On Heroku CI, one build costs us around $2 (sixteen dynos times the build time, times the price per minute of a Performance-L dyno). This price will increase as we add more tests and the number of builds will increase as more developers join the team. On the other hand, TravisCI and CircleCI, for instance, offer plans with unlimited build minutes and collaborators. However, those plans are limited in terms of concurrency; the most expensive listed price for CircleCI at $3,100 per month can only run three concurrent jobs with a parallelism of sixteen containers. To attain the same level of concurrency that we use today on Heroku CI, this would definitely cost us more. To keep the cost down, we would have to let our builds queue, although if you believe the CircleCI blog; “Letting builds queue for more than a minute is like valuing your developers’ time at less than a dollar per hour.”

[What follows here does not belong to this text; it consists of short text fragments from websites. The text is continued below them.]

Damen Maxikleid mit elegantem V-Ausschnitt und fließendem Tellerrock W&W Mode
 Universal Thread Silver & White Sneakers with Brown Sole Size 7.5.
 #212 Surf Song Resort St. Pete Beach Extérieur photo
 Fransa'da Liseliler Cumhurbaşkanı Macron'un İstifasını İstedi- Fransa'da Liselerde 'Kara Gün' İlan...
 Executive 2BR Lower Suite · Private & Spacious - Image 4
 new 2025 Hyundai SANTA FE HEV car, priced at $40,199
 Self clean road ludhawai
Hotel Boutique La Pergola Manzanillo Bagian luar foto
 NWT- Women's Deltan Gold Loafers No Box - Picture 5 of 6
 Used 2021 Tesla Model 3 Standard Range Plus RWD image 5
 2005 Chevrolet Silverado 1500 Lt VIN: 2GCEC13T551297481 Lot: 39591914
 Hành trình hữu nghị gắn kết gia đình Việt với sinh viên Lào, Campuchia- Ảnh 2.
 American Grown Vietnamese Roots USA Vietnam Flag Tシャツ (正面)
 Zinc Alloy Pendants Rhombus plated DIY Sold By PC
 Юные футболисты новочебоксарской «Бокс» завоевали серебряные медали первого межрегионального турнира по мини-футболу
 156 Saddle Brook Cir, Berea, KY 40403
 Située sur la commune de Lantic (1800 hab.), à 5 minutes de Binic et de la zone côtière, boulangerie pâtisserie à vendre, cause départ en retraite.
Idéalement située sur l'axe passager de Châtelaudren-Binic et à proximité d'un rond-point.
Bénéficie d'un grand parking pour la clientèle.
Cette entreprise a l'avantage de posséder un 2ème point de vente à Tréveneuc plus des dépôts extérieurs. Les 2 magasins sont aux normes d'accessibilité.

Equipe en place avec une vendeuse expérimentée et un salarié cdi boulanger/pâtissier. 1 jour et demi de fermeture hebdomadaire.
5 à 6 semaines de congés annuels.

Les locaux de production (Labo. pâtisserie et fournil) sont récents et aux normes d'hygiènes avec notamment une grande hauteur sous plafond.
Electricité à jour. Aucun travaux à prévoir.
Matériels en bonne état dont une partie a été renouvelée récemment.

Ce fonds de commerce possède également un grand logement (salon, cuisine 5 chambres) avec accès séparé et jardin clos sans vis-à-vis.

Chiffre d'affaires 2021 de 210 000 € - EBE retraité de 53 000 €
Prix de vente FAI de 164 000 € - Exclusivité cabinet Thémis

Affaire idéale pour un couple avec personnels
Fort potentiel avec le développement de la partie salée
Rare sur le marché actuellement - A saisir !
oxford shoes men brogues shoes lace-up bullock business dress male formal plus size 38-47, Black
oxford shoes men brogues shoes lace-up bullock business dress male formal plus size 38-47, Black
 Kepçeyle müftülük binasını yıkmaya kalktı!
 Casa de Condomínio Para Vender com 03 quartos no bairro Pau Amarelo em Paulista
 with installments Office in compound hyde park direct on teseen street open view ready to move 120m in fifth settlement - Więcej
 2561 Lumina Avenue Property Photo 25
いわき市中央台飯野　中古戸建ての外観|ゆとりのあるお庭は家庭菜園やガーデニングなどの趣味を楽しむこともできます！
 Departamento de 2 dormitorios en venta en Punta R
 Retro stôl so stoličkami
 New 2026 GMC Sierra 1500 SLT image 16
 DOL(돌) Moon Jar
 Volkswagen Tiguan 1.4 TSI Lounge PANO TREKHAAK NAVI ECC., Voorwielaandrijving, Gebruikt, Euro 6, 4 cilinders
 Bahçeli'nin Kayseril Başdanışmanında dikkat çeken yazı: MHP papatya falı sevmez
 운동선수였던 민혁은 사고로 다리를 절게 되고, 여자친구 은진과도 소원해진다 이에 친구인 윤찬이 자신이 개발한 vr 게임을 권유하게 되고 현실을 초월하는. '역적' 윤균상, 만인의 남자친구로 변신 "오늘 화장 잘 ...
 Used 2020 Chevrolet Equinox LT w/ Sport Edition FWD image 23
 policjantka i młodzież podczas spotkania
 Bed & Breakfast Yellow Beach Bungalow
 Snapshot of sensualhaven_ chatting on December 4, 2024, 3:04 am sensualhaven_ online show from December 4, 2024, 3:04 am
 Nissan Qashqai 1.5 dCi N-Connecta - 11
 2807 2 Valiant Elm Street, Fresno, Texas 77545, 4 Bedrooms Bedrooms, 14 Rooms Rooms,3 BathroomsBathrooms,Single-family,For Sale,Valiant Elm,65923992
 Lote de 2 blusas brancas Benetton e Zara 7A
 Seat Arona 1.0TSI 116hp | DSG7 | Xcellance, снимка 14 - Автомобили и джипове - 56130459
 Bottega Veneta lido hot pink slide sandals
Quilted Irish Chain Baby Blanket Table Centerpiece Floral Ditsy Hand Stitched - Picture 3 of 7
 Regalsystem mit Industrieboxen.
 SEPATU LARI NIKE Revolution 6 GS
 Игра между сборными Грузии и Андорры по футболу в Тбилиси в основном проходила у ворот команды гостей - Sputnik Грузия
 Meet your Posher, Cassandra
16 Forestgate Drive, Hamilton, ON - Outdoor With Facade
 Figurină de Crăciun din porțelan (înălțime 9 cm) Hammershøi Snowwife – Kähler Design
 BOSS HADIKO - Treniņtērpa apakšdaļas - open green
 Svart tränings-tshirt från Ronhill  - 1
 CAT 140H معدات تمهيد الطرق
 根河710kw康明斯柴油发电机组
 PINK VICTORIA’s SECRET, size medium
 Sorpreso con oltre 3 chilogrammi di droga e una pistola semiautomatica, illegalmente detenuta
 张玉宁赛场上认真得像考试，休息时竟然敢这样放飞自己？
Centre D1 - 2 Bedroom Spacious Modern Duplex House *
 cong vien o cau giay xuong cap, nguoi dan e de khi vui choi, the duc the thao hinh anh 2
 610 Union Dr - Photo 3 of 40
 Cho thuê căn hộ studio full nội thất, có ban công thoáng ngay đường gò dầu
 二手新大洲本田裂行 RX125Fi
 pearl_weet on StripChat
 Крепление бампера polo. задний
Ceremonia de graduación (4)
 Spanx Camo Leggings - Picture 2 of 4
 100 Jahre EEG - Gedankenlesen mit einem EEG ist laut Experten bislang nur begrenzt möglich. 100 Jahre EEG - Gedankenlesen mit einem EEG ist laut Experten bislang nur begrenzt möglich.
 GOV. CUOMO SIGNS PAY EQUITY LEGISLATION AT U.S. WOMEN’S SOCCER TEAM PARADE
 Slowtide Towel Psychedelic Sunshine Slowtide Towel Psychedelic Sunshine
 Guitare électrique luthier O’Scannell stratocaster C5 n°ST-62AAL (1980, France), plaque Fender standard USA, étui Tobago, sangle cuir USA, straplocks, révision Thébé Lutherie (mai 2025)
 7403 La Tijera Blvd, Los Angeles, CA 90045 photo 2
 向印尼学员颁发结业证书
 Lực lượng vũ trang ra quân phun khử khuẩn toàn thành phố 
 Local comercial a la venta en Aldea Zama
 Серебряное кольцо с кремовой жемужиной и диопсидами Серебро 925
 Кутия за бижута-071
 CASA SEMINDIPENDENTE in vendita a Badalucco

Overall we are rather happy with the switch. At the time, we went from a build which took a minimum of twenty minutes, and as much as fifty minutes during peak developer activity time, to a a rather stable ten to twelve minute build, all thanks to the zero queue time. Gone is the time of needing to provision new machines for additional Jenkins nodes upon the arrival of developers and the overall stability of our CI setup has improved.